Господи! Это все неловкие слова, по ним нельзя понять, что такое для меня, после всей жизни, значили слова: признать себя обыкновенной женщиной, сделать себя навсегда в любви, как все. Около этой мысли — какой сонм страхов, презрений, привычек.
Я была все-таки в безумии, решаясь подчиниться желанию тела. И ничего не узнала. Как это отделять так тело от души? А если тело — без души не пожелало? Вот и опять все неизвестно.
Я стала спокойнее, свободно-покорнее и тверже. Еще прошлой осенью — какой надрыв — мой «подвиг»! Конечно, ошибка, но не каюсь, и она была нужна.
Моя нежность, мое чувство ответственности, мое желанье силы в другом — остались; но веры нет, а потому разлад души и некоторое недоумелое стояние. Что же, мыслям изменить? Отказаться от последних желаний тела и души во имя того, что есть и что не нравится? Этой жертвы просит моя человеческая жалость к себе, моя нежность, моя слабость. Но смею ли?

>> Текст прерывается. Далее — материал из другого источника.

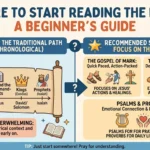 Where to Start Reading the Bible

Я даже не знаю, все ли я сделала, что могла. Если не все, то — доколе, о Господи? Ведь могу перейти границу своих сил и сама упасть в яму. Опять Таормина, Рим, Флоренция. И как все различно! Иногда я так была слаба, так хотела не того, что есть, что заставляла себя не думать, не видеть. Мне стыдно было видеть, стыдно за свою неумирающую нежность — без веры.
Жестокость — не крепость, а полуслабость. Жестокой легче быть, чем твердой и мудрой. Неужели яс. кончу жестокостью — а не трудной и тихой мудростью — если решу?
А все-таки не знаю, нужна ли плоть для сладострастия. Для страсти, т. е. для возвращения в жизнь — да (дети). А сладострастие — одно идет до конца.
Весь смысл моего поцелуя — то, что он не ступень к той форме любви. Намек на возможность. Это — мысль, или чувство, для которого еще нет слов. Не то! Не то! Но знаю: можно углубить пропасть. Я не могу — пусть! Но будет. Можно. До небес. До Бога. До Христа.
Мне стало страшно. Как говорю? Здесь, в этой «яме». Дав том-то и дело, что все изменилось и теперь место, где говорю о своем теле, о сладострастии, о поле, об огне влюбленности — для меня, для моего сознания, уже не проклято, не яма.
Не отрицаю своей мерзости, своего ничтожества. Идеал Мадонны — для меня не полный идеал. Я теряюсь, как человек, из-под которого выдернули стул. Только в одном, единственном, углу моей комнаты — светло. И это — мое, и это последнее, но хочу, чтоб оттуда на всю комнату был свет. И будет.
Любить меня — нельзя.
Я ник кому не прихожусь. Рассуждаю, а в сердце зверь и ест мое сердце.